Novel composting technology
Pasrea Inc. is developing a novel composting technology to fix the broken nitrogen cycle associated with centralised livestock operations and municipal waste management. The composting system allows to capture the evaporating ammonia from the compost and return it back to use instead of depositing it into natural ecosystems. As a synergistic benefit, Pasrea system also collects the excess heat from the composting process which can be coupled into local heating systems. The invention thus also acts as a sustainable local energy source, which will reduce the use of traditional energy sources for heating, such as fossil fuels.
Pasrea system is intended for the use of farmers willing to handle their own agricultural waste such as animal manure etc. efficiently by themselves and for the use of municipal waste management operators to handle wastewater slurries and other organic waste but is suitable for other related composting actions too.

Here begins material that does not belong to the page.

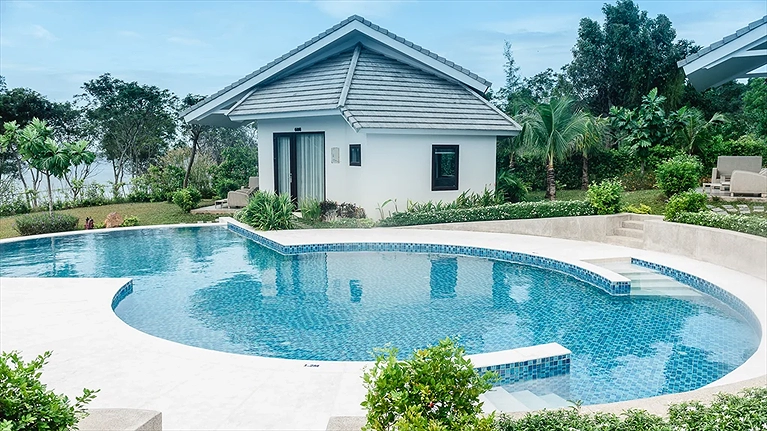 Luxury Villa Poolside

The solution addresses global challenges associated with global warming, sustainable farming and waste management and thus the total value of the solution is really hard to assess. Nevertheless if our solution works and will be implemented on a global scale the positive effects for the community, society and even the planet will be immense.

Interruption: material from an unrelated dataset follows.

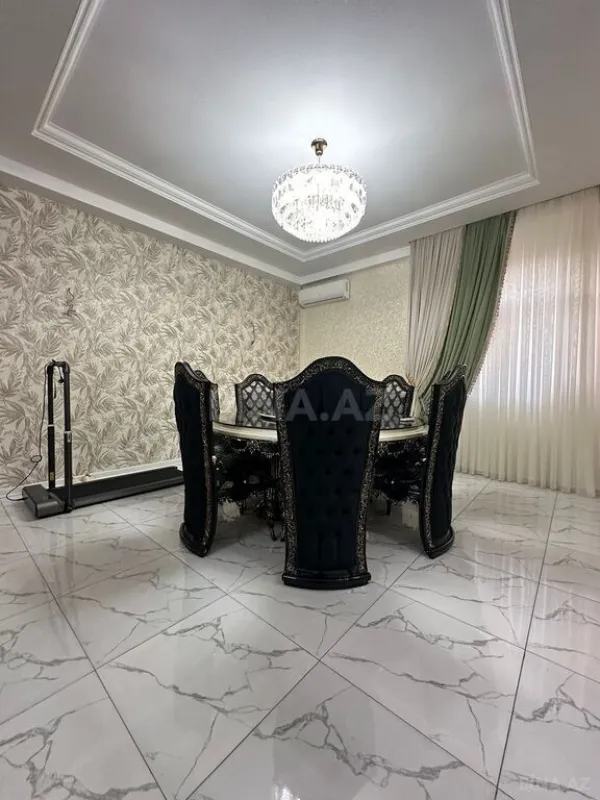 Satılır 4 otaqlı həyət evi 240 m²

Such composting method addresses problems both at macro and micro level. At micro level this technology allows livestock producers to process their manure in-situ in an environmentally and economically sustainable fashion, while reducing heating and fertilisation expenses, which makes agriculture more sustainable and profitable for the farmers. At macro level Pasrea aims at repairing the broken nitrogen cycle associated with centralised livestock operations and municipal waste management, resulting in lower demand for industrially produced fertilisers and a decrease in environmentally harmful ammonia emissions from agriculture and composting actions. Extending the technology into processing of municipal wastewater slurries and organic wastes would conveniently connect human food consumption into the nitrogen cycle we aspire to create. Implementing this technology reduces the CO2 emissions associated with agriculture, as the need for energy-intensive industrial production of ammonia decreases. In addition, livestock operators and municipal waste management operators can save on fossil fuels by coupling the composting into their in-house and/or district heating systems.
As a summary, the invention would solve problems associated with sustainability of livestock operations, agriculture and municipal waste management by transforming the source of problems into a source of possibilities.